1. It Hits Your Price Target
When initially buying a stock, astute investors establish a price target, or at least a range in which they would consider selling the stock. Each stock purchase should also include an analysis on what the stock is worth, and the current price should ideally be at a substantial discount to this estimated value. For instance, selling out of a stock when it doubles in price is a worthy goal and implies that an investor thinks it is undervalued by 50%.
It is difficult for even the most seasoned investor to come up with a single price target. Instead, a range is more realistic, as is deciding to sell off the position as it is rising in order to lock in gains.
2. Deterioration in the Fundamentals
Along with keeping track of a firm’s stock price after establishing a price target, monitoring the performance of the underlying business is important. A key reason to sell is if the business fundamentals decline. In an ideal world, an investor will realize a deterioration in sales, profit margins, cash flow, or other key operating fundamentals before the stock price starts to decline. More experienced analysts may read deep into the financial statements, such as filing footnotes that other investors are more likely to miss.
Fraud is one of the more serious fundamental flaws. Investors who were early to spot financial fraud from the likes of WorldCom, Enron, and Tyco were able to save substantial sums as the share prices of these respective firms plummeted.
3. A Better Opportunity Comes Along
Opportunity cost is the potential benefits that an investor misses out on when choosing one alternative over another. Before buying a stock, always compare it with the potential gains that could be obtained by owning a different stock. If that alternative is better, then it makes sense to sell the current position and buy the other.
Accurately identifying opportunity cost is extremely difficult, but it could include investing in a competitor if it has equally compelling growth prospects and trades at a lower valuation, such as a lower price-to-earnings multiple.
4. After a Merger
The average takeover premium, or price at which a company is bought out, generally ranges from 20 to 40%. If an investor is lucky enough to own a stock that ends up being acquired for a significant premium, the best course of action may be to sell it. There may be merits to continuing to own the stock after the merger goes through, such as if the competitive position of the combined companies improves substantially.
However, mergers have a lousy track record of being successful. Additionally, it can take many months for a deal to be completed. Therefore, from an opportunity cost perspective, it can make sense to find an alternative investment opportunity with better upside potential.
5. After Bankruptcy
In the vast majority of cases, a bankrupt company becomes worthless to shareholders. However, for tax purposes, it is important to sell or realize the loss so that it can offset future capital gains and a small percentage of regular income each year.

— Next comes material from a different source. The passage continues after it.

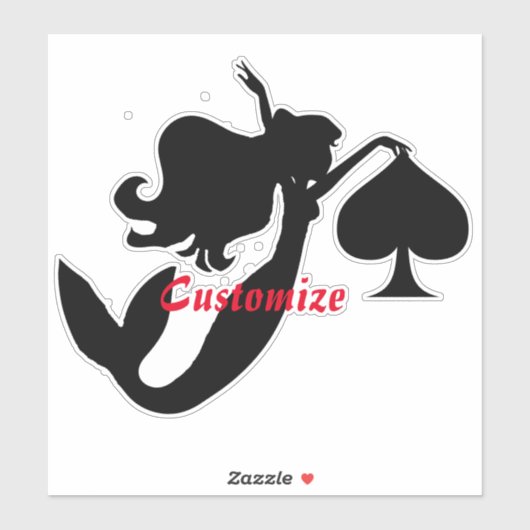 Zwarte Schop Zeemeermin Silhouet Thunder_Cove  Sti Sticker (Vel)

Selling a stock right after bankruptcy will often result in a large loss, but you may still be able to recover some cents on the dollar.
The Bottom Line
The decision to sell a stock is indeed a combination of art and science. There are a number of considerations to make, such as those above, when deciding if stock gains have run their course or are likely to continue. One common-sense strategy is to sell as a stock rises to lock in gains over time and to sell into losses to avoid them from spiraling out of control.